The order comes in response to both emergency cuts mandated by the state and a 15 percent reduction in deliveries from the Colorado River via the Metropolitan Water District.
“These are unprecedented and historic times,” noted Chairman Mark Weston at the beginning of the meeting. “We will look at outside irrigation water as a very low priority.”
He said San Diego had invested in independent water supplies, and can meet 99 percent of demand, but was unable to convince the state to adjust the mandated cuts. “We believed that we should have been given some credit for all the new water supplies that have been brought on in the San Diego region,” he said.

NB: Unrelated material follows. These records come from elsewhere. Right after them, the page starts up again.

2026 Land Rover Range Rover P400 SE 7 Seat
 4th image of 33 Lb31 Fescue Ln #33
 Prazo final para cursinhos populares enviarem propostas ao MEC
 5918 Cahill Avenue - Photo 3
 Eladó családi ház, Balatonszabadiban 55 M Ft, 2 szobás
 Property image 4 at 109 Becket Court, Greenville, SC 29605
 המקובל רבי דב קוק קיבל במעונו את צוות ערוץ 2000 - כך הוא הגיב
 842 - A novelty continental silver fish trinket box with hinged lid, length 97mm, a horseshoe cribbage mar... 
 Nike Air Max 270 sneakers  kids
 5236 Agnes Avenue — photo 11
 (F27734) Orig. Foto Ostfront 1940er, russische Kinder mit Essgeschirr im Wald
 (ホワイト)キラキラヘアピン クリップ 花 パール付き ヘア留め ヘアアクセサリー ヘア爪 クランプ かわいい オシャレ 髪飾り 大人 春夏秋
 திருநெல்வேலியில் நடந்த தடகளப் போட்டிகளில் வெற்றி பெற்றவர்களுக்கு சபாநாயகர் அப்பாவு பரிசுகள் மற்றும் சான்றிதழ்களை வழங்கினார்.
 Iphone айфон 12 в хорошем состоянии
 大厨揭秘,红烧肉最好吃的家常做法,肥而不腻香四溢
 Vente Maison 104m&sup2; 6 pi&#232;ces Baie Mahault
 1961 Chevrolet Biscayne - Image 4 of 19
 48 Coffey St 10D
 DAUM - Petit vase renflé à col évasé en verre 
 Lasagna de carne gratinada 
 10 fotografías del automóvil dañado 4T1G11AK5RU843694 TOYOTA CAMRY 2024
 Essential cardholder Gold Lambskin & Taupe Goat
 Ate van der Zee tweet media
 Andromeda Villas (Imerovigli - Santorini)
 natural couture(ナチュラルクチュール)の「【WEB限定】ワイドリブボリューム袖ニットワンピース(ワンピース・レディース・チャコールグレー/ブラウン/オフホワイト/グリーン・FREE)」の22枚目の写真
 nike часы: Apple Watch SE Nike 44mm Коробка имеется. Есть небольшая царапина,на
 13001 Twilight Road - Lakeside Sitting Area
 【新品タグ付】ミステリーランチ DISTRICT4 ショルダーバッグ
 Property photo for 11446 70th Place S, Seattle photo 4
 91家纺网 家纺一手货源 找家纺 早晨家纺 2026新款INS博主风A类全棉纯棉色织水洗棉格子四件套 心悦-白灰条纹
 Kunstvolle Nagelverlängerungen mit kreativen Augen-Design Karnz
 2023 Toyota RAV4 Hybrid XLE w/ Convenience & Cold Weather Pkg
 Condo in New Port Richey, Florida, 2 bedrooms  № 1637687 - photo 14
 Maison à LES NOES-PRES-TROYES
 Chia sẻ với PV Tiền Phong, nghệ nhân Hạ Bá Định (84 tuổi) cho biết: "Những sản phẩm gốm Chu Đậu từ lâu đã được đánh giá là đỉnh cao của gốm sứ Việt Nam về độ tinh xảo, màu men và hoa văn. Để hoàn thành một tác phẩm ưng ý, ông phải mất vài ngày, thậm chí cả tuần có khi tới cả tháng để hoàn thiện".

As a result, San Diego will be storing water in the San Vicente Reservoir even as customers are asked to cut back use. “This will be water that can be available for subsequent years if it continues to be dry,” noted Dana Friehauf, water resources manager for the authority
California is in the fourth year of a drought. The snow pack is at a record low, Lake Mead on the Colorado River has fallen to its lowest level since it was filled in the 1930s, and temperatures are expected to be higher than average this summer.
The rules would go into effect June 1 and continue until at least June 30, 2016. Watering would only be allowed on two days, with individual agencies allowed to set the days and the maximum watering times.
Watering times would vary because individual agencies need to reduce water use between 12 percent and 36 percent. The target for the City of San Diego, the largest user by far, is 16 percent.
The authority also voted to spend $1 million on public outreach, including a media campaign, to make sure residents of San Diego County understand the seriousness of the situation and exactly what to do to save water.
The staff had recommended that every agency halt watering on the same days, but a number of board members representing smaller and rural agencies argued for flexibility. “Let’s not dictate to people how they are supposed to meet these restrictions,” said Keith Lewinger, who represents Carlsbad.
But Hala Razak, director of public utilities for the city of San Diego, said enforcement would be impossible without setting specific watering days.
Several board members stressed that San Diego was cutting more than necessary only because of the state mandates.
“We have a water supply shortage in San Diego County created by government,” Lewinger said.
Board Member Jim Madaffer, who represents San Diego, said the cuts are a “bitter pill” in some ways, but argued that San Diego has done the right thing to invest in new water sources and storage. He said San Diego is 25 years ahead of the rest of the state.